Многие наблюдали, как каждое утро, разведчицы, после пробежки и разминки, одевали на руки, что-то напоминающее маленькие боксерские рукавицы, но с обрезанными пальцами позволяющие выполнять захваты и броски. После этого начинали молотить друг друга руками и ногами, а при случае и валять по снегу. Один из командиров, увлекающийся самбо сразу же захотел поучаствовать в увиденном.
– Девушки, а можно и мне с вами побороться? – игриво предложил он, демонстрируя свои широкие плечи и руки схожие с малой саперной лопаткой.
Поскольку на спортплощадке все были в тренировочных костюмах, без знаков различия, Ольга решила не заострять внимание на неуставной форме обращения к старшей по званию.
– А мы не боремся, юноша. Это бой без правил.
– Без правил, мы тоже могем.
– Если ты такой смелый... выходи тогда красный молодец на нечестный бой. Только не говори потом, что тебя не предупреждали...
– Только не надо пугать, разведка. Мы тоже не пальцем деланные.
Бой продлился недолго. Как только противник вышел в круг, предусмотрительно опустив вниз левую руку, прикрывая самое дорогое, так сразу же получил болезненный удар по мышцам бедра выставленной вперед правой ноги.
– Британские империалисты называют этот удар – лоукик, что в переводе означает – низкий удар ногой.
Мгновенно сократив дистанцию, она влепила ему удар ногой в ухо, пошатнувший противника. Его заметно повело в сторону, а глаза затуманились. Понимая, что надо сокращать дистанцию и проводить захват, он с вытянутыми руками резко рванул вперед. Девушка ушла в сторону, одновременно нанося ему удар левой ногой в печень. Острая боль скрутила парня, а разведчица продолжала свои пояснения.

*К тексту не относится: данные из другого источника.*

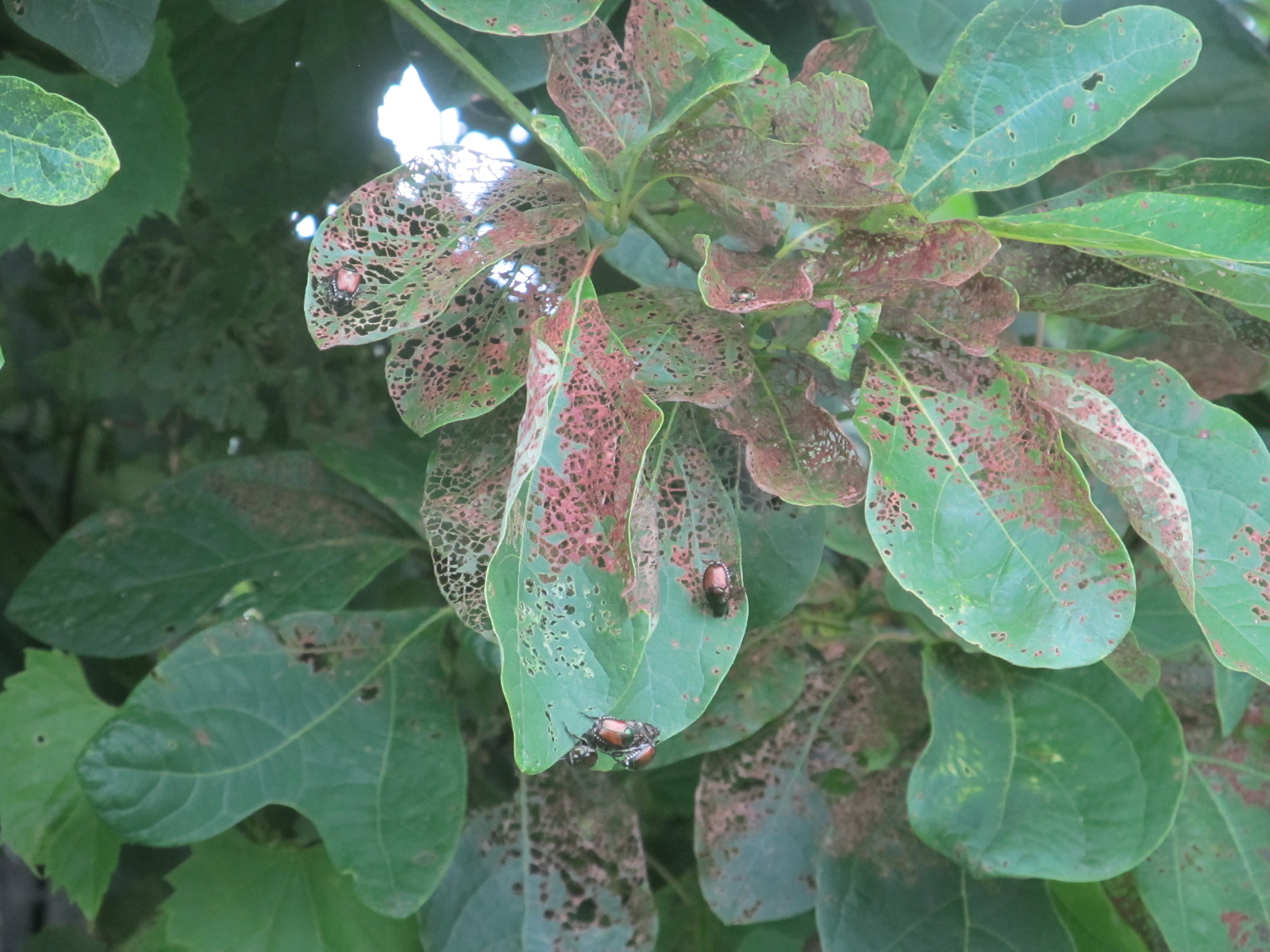 Eaton Rapids Joe Decoy crops for Japanese Beetles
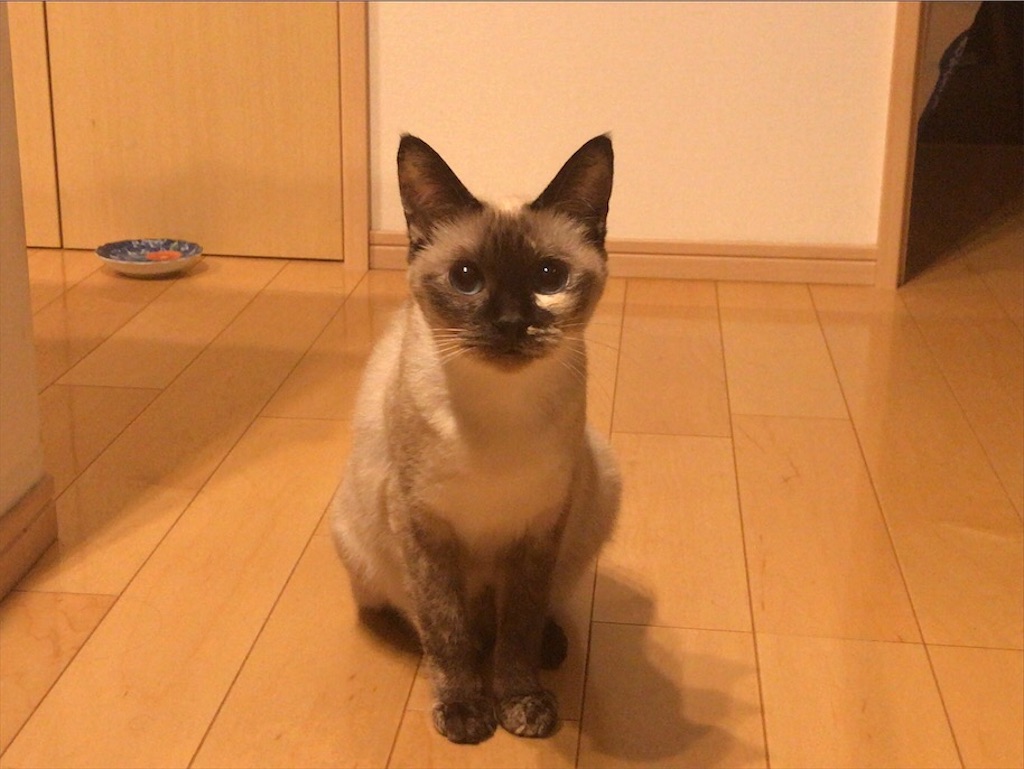 f:id:aporon2:20201023221731j:image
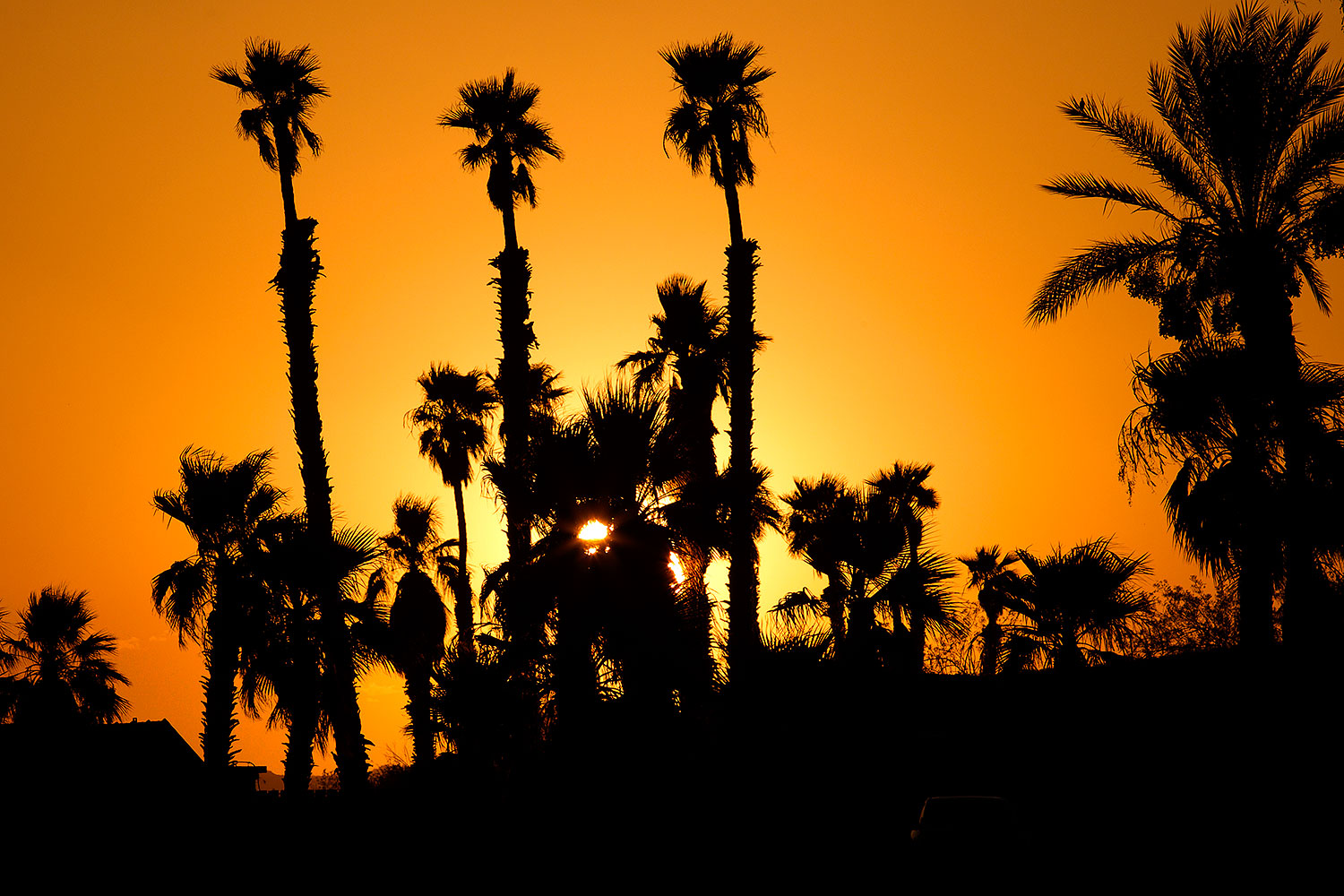 2010-08-21-havasu-palms-26455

– По аналогии с предыдущим, мой второй удар называется – хайкик, думаю, все догадались, что это значит – высокий удар ногой, а завершили мы наш поединок мидлкиком. Переводить не буду.
Надо сказать, что такая молниеносная расправа с явным лидером мало чему научила остальных, и Ольге, и Галине, еще долго пришлось доказывать противникам эмансипации, что грубая физическая сила всегда проигрывает, ибо ее легко использовать и обернуть против нападающего. Многие просились к ним в ученики, но учила Ольга только Владислава. Всем остальным, она со вздохом объясняла, что занимается только с одним учеником, а почему именно с ним, так это потому, что ученик должен полностью доверять учителю и только у Владислава она видит нужную степень доверия. Впрочем, она никому не запрещает наблюдать за их тренировками и, разбившись на пары, повторять все упражнения.
Естественно, Владислав записался и в самодеятельность, смущенно признавшись, что умеет играть на скрипке. Кроме этого у него оказался, несильный, но чистый и приятный слуху баритон. Ольга тут же заставила его разучить песню, которую она услышала в испанском госпитале и самостоятельно перевела на русский.
Сначала шел проигрыш основной темы на скрипке, затем он начинал петь, а Ольга подыгрывала ему на гитаре.
"Снятся мне перелетные птицы...
...
и луна над моим изголовьем манит светом меня из постели
и бинты, проржавевшие кровью, превращаются в алые перья
...
А дружок, не помянутый лихом, деликатный, как есть – городской он
Потянулся к звезде своей тихо, медсестричку не побеспокоив...
И от этой великой утраты, я подумал слабеющим мозгом -
Видно в чем-то мы все виноваты, слишком рано летим к своим звездам...
В небесах отыскал и свою я, но кровать сжал покрепче руками
До свидания, те, кто воюет, и прощайте, все те, кто не с нами...".
А вдвоем с Галкой они исполняли более жизнерадостную песню – «Мальчишки, мальчишки», которую Ольга случайно услышала в поезде и запомнила.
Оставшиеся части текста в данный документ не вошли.